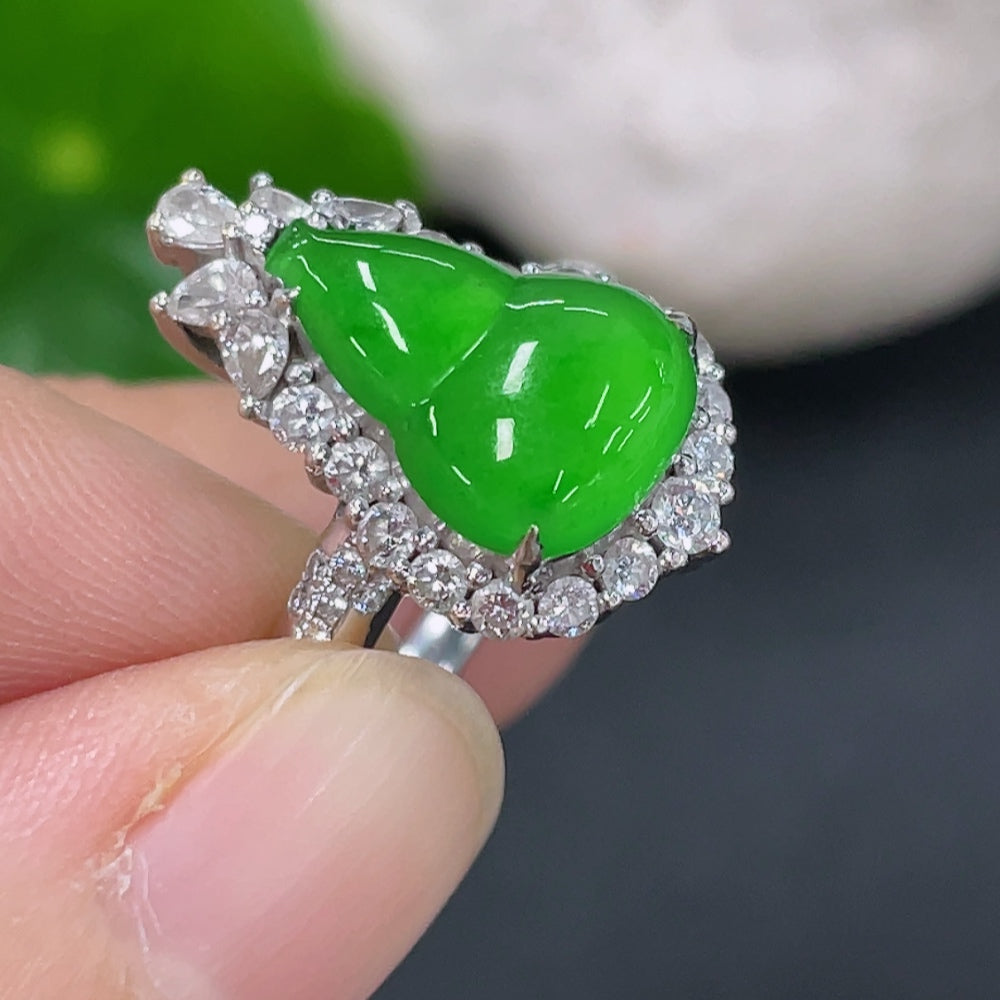 Jadeite Gourd Inlaid Ring 18k Gold with Diamond Accent Size 12.5 Total Weight Approx. 4.83g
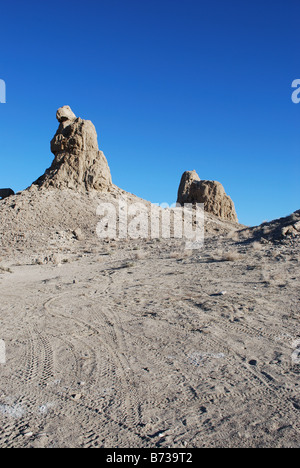 Il Trona pinnacoli sono un tufo formazione sul Deserto Mojave Foto Stock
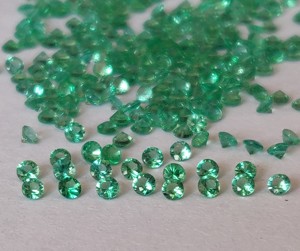 Émeraude verte de qualité supérieure naturelle 1.5mm coupe diamant rond - Product Image 1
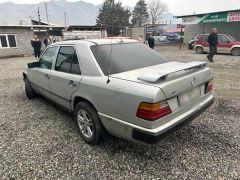 Сүрөт унаа Mercedes-Benz W124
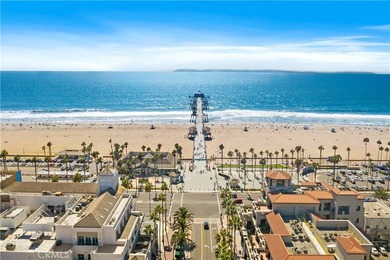 Beach Condo For Sale in Huntington Beach, California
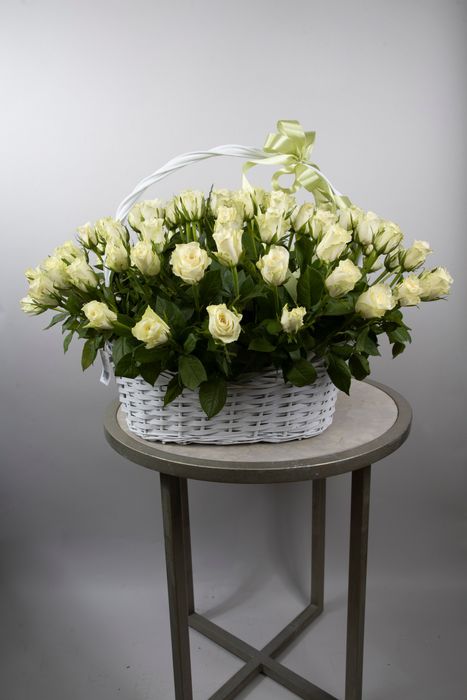 Композиция из 101 розы "Атена" в корзине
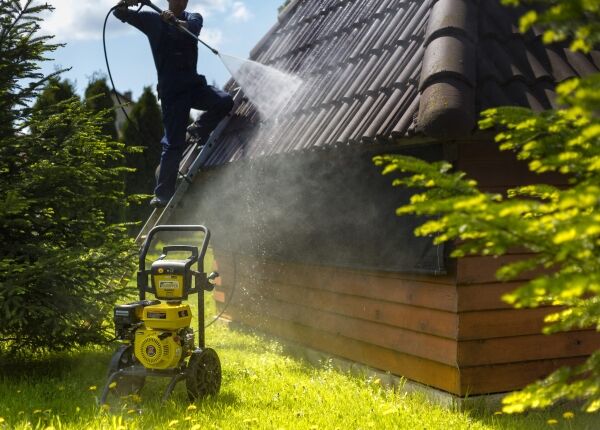 benzínový čistič používaní pri čistení strechy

★ ★ ★ ★ ★ ★ ★

The copy must reproduce the listing above verbatim and contain no pictures.

 Jadeite Gourd Inlaid Ring 18k Gold with Diamond Accent Size 12.5 Total Weight Approx. 4.83g
 Il Trona pinnacoli sono un tufo formazione sul Deserto Mojave Foto Stock
 Émeraude verte de qualité supérieure naturelle 1.5mm coupe diamant rond - Product Image 1
 Сүрөт унаа Mercedes-Benz W124
 Beach Condo For Sale in Huntington Beach, California
 Композиция из 101 розы "Атена" в корзине
 benzínový čistič používaní pri čistení strechy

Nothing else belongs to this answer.